“Why, we must have come inshore for some distance last night,” cried Rodd, in wonder.

“Ay, my lad. Banks flooded. High tide perhaps,” said Joe bluffly. “Well, the sooner we gets down into this mud and stretches our legs the better; and if they don’t come down in the boats, how we are going to get back is more than I know.”

“Look! Look yonder!” cried Rodd, as, sweeping the park-like stretch around him, he suddenly caught sight of an object that filled his breast with joy.

“Three cheers, my lads,” shouted Joe, waving his hand, “and— Oh, hold hard! Avast there!
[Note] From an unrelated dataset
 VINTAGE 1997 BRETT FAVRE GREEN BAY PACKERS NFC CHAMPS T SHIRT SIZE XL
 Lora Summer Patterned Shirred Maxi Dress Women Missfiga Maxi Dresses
Gig’s safe to have a hole through her bottom.”

For there, about a hundred yards away, between the trees, lay something gleaming amongst the mud.
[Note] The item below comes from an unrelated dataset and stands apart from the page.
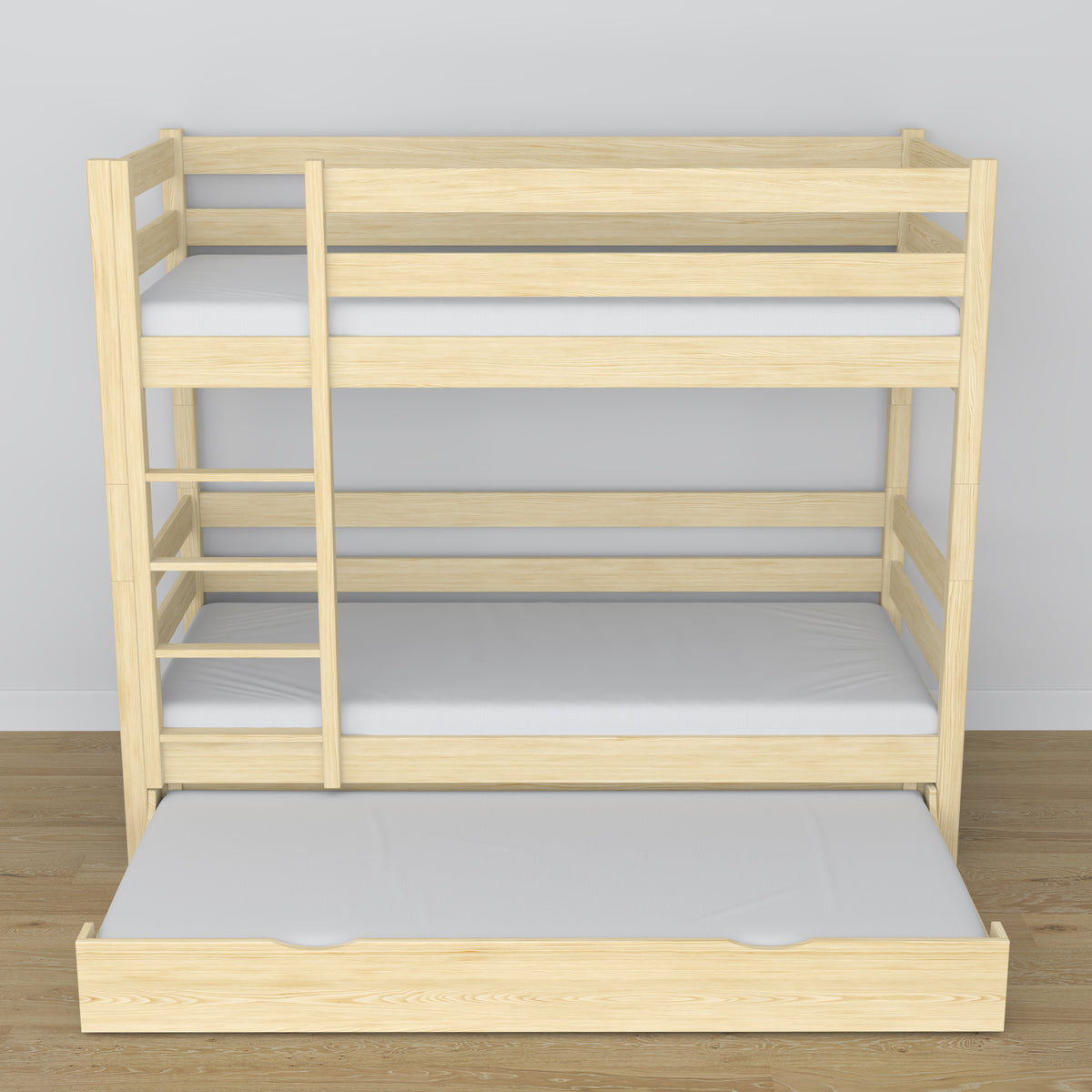 Stapelbed transparant grenen – houten lattenbodem met latten, lade voor matras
He could only see a portion, but that was enough, and one by one, stiff and cold, the unfortunate party lowered themselves down from their perches to drop into a thin surface of soft mud, the swift rush of the tide preventing it from accumulating to any depth.

Their fortune was better than they anticipated, for on reaching the boat’s side it was to find that, though bottom upward, she had escaped any serious injury, the yielding boughs into which she had been swept having checked the force of the concussion and left her to glide from tangle of boughs to tangle, until she had been wedged into a huge fork and had from there slowly settled down.

But there was neither oar nor boat-hook, and the line fastened to her foremost thwart had been snapped in two.

“All her tackle gone,” said Joe grimly. “Well, we must try and find and hack off some big bamboo canes with our jack-knives, and then try if we can’t punt her up against the tide, which ought to be pretty slack by now—that is, if they don’t come to find us.”

“But look here, Joe,” cried Rodd, as he stood shading his eyes from the horizontal sunbeams; “there’s the river, and the mist’s rolling along with the tide. Here, I’m puzzled. Which way did we come?”